WORK INSTRUCTIONS:
The lines from the start of the records through the one containing "Hygienic Hotel Liberty" are to be restated word for word; please include both ends.

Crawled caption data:

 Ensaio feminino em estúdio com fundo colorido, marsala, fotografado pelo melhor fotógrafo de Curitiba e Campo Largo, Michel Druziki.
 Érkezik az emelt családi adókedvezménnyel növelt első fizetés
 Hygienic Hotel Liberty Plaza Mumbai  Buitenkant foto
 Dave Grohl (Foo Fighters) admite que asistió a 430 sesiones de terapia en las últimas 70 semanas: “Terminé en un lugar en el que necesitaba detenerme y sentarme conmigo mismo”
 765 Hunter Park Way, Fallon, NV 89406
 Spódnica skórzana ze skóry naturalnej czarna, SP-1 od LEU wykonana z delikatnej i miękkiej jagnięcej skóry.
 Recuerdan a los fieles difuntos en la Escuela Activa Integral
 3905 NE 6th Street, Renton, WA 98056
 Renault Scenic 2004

RESULT FOR THIS EXERCISE:
 Ensaio feminino em estúdio com fundo colorido, marsala, fotografado pelo melhor fotógrafo de Curitiba e Campo Largo, Michel Druziki.
 Érkezik az emelt családi adókedvezménnyel növelt első fizetés
 Hygienic Hotel Liberty Plaza Mumbai  Buitenkant foto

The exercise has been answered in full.